When I asked who they admired locally, the Yonders and the Blueberries popped up, followed quickly by Taildragger, Rabby Feeber, and anything with Frank Schaap. Of the Blueberries, Welch says, “They’re lightyears ahead of anything on MTV.” Funny, I was just going to say that about the Prayers.
At a recent Friday night gig at Lynagh’s, I saw the Prayers headline a show that got underway with a tie-off-and-fix, slow heroin funk re-do of Sly Stone’s “Thank You (Falettinme Be Mice Elf Again)” that segued into a Caleb Miles original, “You Always Win.” Other highlights from a night filled with memorable tunes included “Dumbstruck” with an Allmanesque dual-lead melody, “Don’t You Want to Stay,” an R&B number that sounded like an instant standard, and with Frank Schaap at the helm, tore through the Band’s “The Shape I’m In.”
As with any accomplished group, experience and perseverance is necessary groundwork and the three founding Prayers are certainly no strangers to Lexington’s music scene. Credited with founding the Prayers, Smith previously performed in the group Bad Ethel, and also pulled a short sting as bassist for Paul K and the Weathermen. Willie Eames (who seems to improve with each show) was an effective drummer for local guitar vets, Gnarly Love. He also played guitar in Welch’s post- Red Fly Nation act, Strictly Wet, as well as the short-lived Sister Fanny. For my money, Welch is Lexington’s quintesseential drummer. I’ve watched him play for nearly a decade in many of this town’s most memorable acts. Honing his style in Paul K and the Weathermen, he saw that effort through its most enduring and productive period. Riding a cresting wave, he backed the sadly defunct Red Fly Nation as they released arguably the best full-length tape in recent Lexington memory. Welch continues to lend his talents to both the Yonders and the Lily Pons.
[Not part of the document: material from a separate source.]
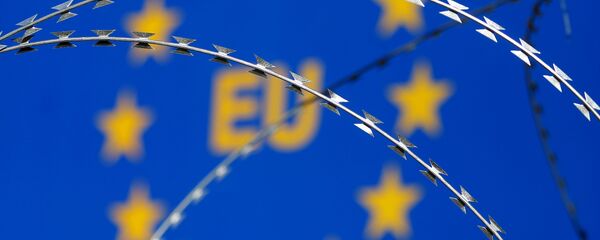 Бодљикава жица се види испред заставе Европске уније (ЕУ) - Sputnik Србија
In the past few months, the Prayers have played fine clubs in larger metropolitan areas: ex-Replacements hangout the Uptown Lounge in Minneapolis; The Smiling Skull in Athens, Ohio; the Warehouse in Clarksville, Tennessee; Quarters in Milwaukee; and a special appearance on unsigned band night at the infamous CBGB in New York. They regularly perform locally at the Wrocklage, Lynagh’s, JDI, and Cheapside Bar.
Presently they’re rehearsing songs for their forthcoming release to be recorded at David Barrick’s Sound Recordings in Glasgow, Kentucky. The main objective is to capture their live, “wall of sound.” If you think that sounds simple, it ain’t. “Years from now, the disc is what’s remembered,” Welch said. “Many of us will remember much, much more.”